In-situ sulfur fixation mechanism during microwave fluidized-bed co-pyrolysis of waste tires and biomass

The disposal of waste tires (WT) presents significant environmental challenges, and microwave fluidized-bed pyrolysis offers a sustainable solution, though research remains limited. A major issue in WT pyrolysis is sulfur emission, which can be mitigated through co-pyrolysis with biomass. Co-pyrolysis between WT and two types of biomass (peanut shell (PS), Ascophyllum (AS)) was investigated, using a microwave fluidized-bed reactor, focusing on the in-situ sulfur fixation mechanism.
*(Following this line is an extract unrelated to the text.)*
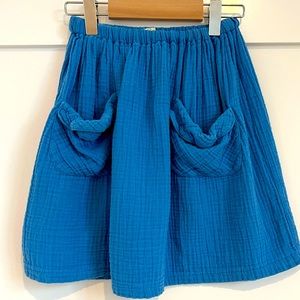 Blue Mabo skirt used size 6-7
The results show that co-pyrolysis led to higher char yield and lower gas yield than expected, with less sulfur released into the pyrolysis oil and more sulfur retained in the char. The interaction between the products of WT and biomass promoted the formation of macromolecular organic compounds, leading to an increase in aromatic hydrocarbons in the pyrolysis oil and inhibiting the release of sulfur-containing organic compounds. Sulfur in WT was oxidized by -OH radicals from biomass, forming solid oxygenated organic sulfur and reducing the catalytic decomposition of sulfur. Additionally, the retention of alkaline metals in biomass ash enhanced sulfur fixation. These findings suggest that microwave fluidized-bed copyrolysis of WT and biomass is effective in capturing sulfur and generating valuable hydrocarbons, providing a promising solution for managing urban and agricultural solid wastes sustainably.